• Dataset excerpt:
»»

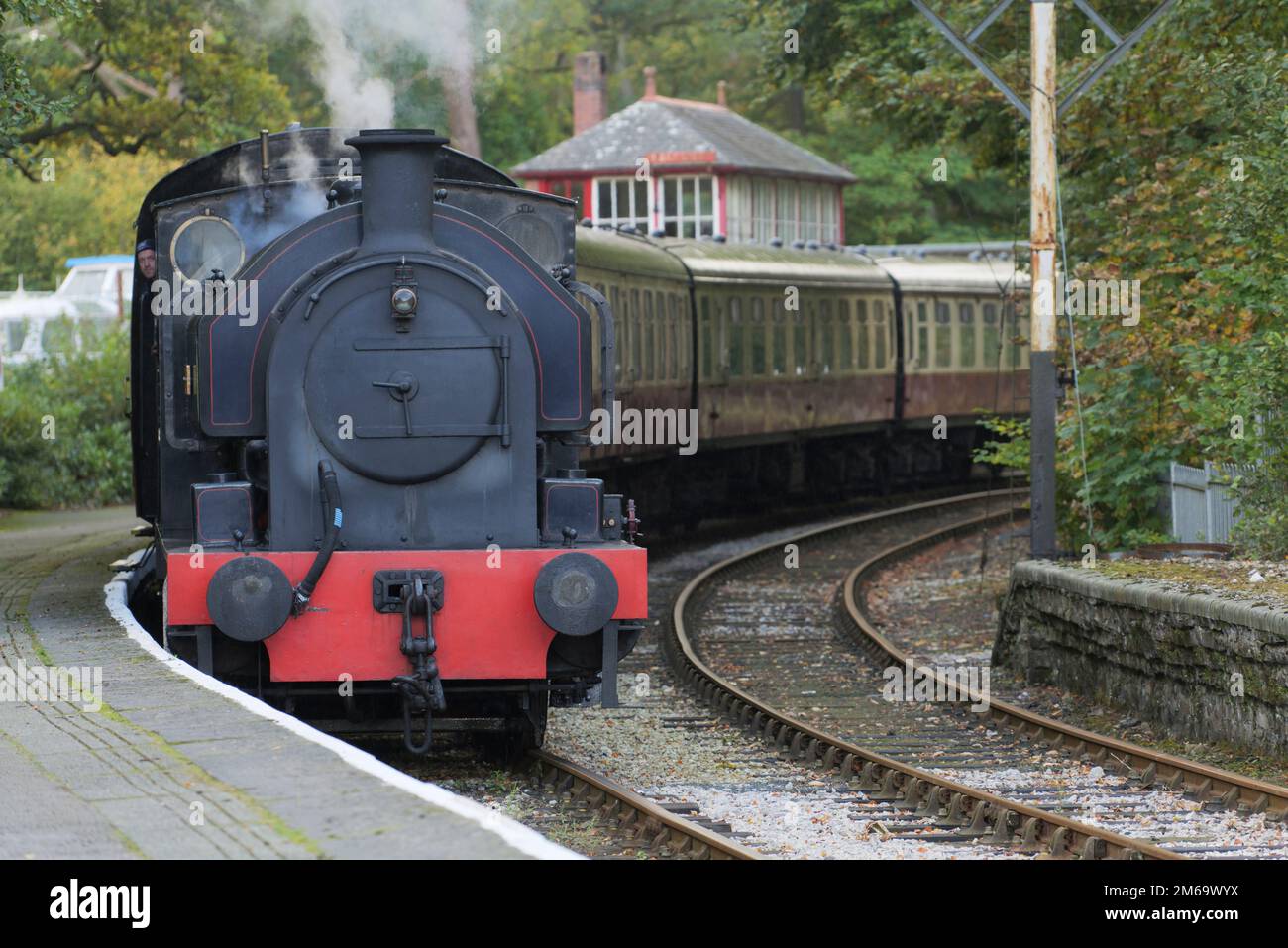 Steam train arriving at Lakesiode on the Lakeside & Haverthwaite Railway line, Cumbria, England Stock Photo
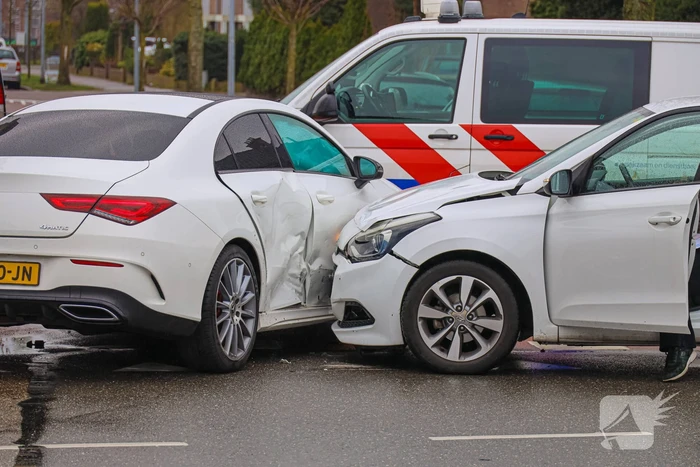 Twee personenauto's botsen op elkaar op kruising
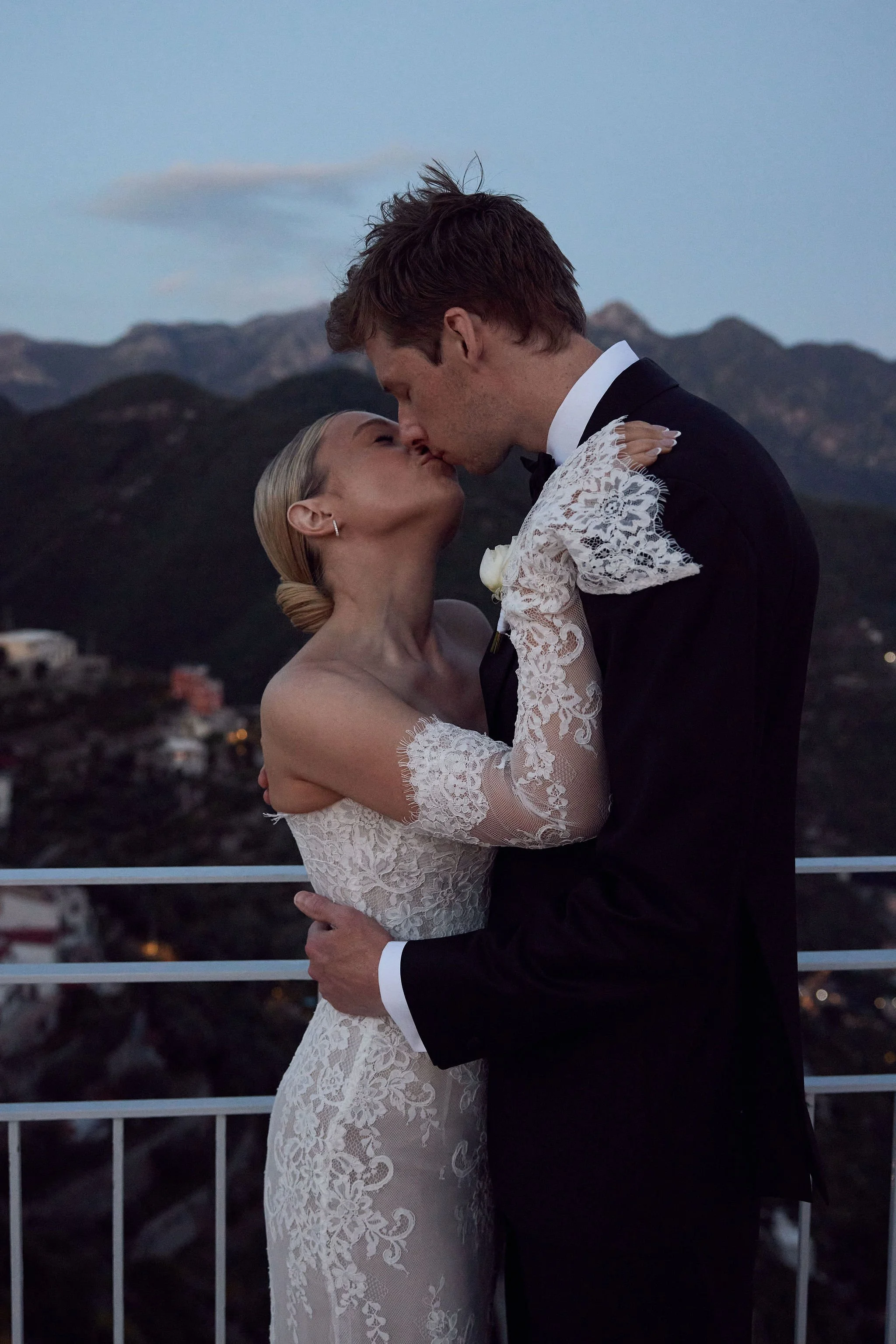 A bride and groom sharing a kiss on a balcony at sunset with mountain scenery in the background.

««

• Task brief:
Reproduce the data verbatim and omit each image.

• Answer box:
 Steam train arriving at Lakesiode on the Lakeside & Haverthwaite Railway line, Cumbria, England Stock Photo
 Twee personenauto's botsen op elkaar op kruising
 A bride and groom sharing a kiss on a balcony at sunset with mountain scenery in the background.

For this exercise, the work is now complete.